1. A model integration method is applied to a server, wherein a model file and a model file configuration table are stored in the server in advance, the model file comprises a plurality of models, and the model file configuration table is used for recording the position of each model in the model file; the method comprises the following steps:

generating an engine pipeline according to the task parameters and the operator engine so as to process input video stream data through the engine pipeline;

an operator engine warehouse is also preset in the server and used for storing the generated operator engine; after acquiring the task parameters corresponding to the video stream analysis task, the method further comprises the following steps:

2. The method of claim 1, wherein the model file configuration table comprises a correspondence between model identifiers and model locations, wherein the task parameters comprise model identifiers of the object models, and wherein reading the object models from the model files according to the task parameters and the model file configuration table comprises:

3. The method of claim 1, wherein the task parameters comprise a model identification of the object model, and wherein generating an engine pipeline from the task parameters and the operator engine comprises:

according to the sequence corresponding to each model identifier in the task parameters, correlating the operator engines to obtain an engine pipeline; the previous operator engine in the engine pipeline registers the input interface of the current operator engine, and the current operator engine registers the input interface of the next operator engine.

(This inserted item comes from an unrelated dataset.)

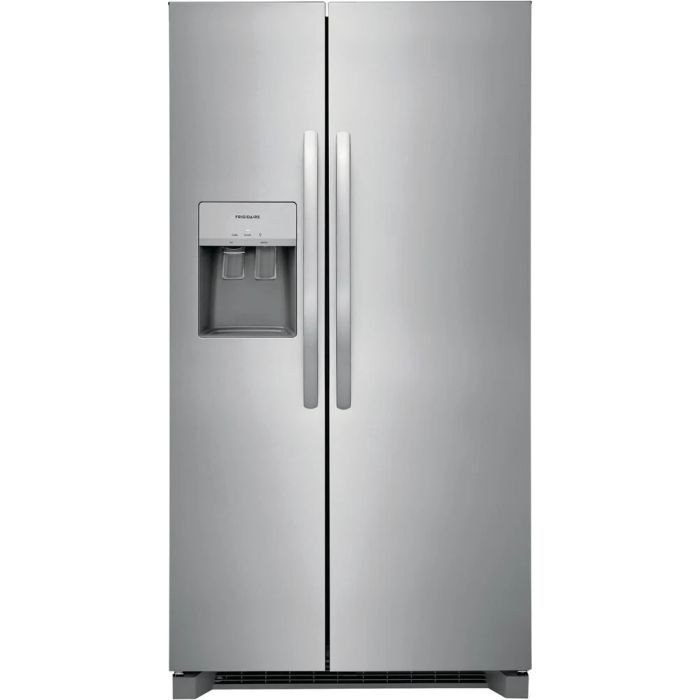 Refrigérateur Frigidaire FRSS2623AS Inox Côte à côte largeur 37 pouces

4. The method of claim 1, further comprising:

5. The method according to claim 1, wherein the operator engine maintains an operator routing table, the operator routing table includes a routing index, the routing index includes a data identifier, a target operator engine, a next hop operator engine, and a data priority, and the operator engine determines a priority, a target operator engine, and a next hop operator engine corresponding to the received video stream data according to the operator routing table maintained by itself; the method further comprises the following steps:

6. The method according to any one of claims 1 to 5, wherein the operator engine comprises an input interface, an analysis interface and an output interface, wherein the input interface is used for maintaining input queues with various priorities and storing the received data to the corresponding input queues according to the priorities; the analysis interface is used for analyzing the data in the input queue; the output interface is used for maintaining output queues with various priorities and storing the received data to the corresponding output queues according to the priorities.

7. The model integration device is applied to a server, wherein the server stores a model file and a model file configuration table in advance, the model file comprises a plurality of models, and the model file configuration table is used for recording the position of each model in the model file; the device comprises:

the engine pipeline generation module is used for generating an engine pipeline according to the task parameters and the operator engine so as to process input video stream data through the engine pipeline;

an operator engine warehouse is also preset in the server and used for storing the generated operator engine; the model integration apparatus further includes:

the operator engine access module is used for acquiring an operator engine corresponding to the target model from the operator engine warehouse so as to generate an engine pipeline if the operator engine corresponding to the target model exists in the operator engine warehouse; and if the operator engine corresponding to the target model does not exist in the operator engine warehouse, after the operator engine corresponding to the target model is generated, storing the generated operator engine into the operator engine warehouse.

8. A server, comprising a processor and a memory, the memory storing a computer program which, when executed by the processor, implements the method of any one of claims 1-6.

9. A computer-readable storage medium, on which a computer program is stored, which, when being executed by a processor, carries out the method of any one of claims 1-6.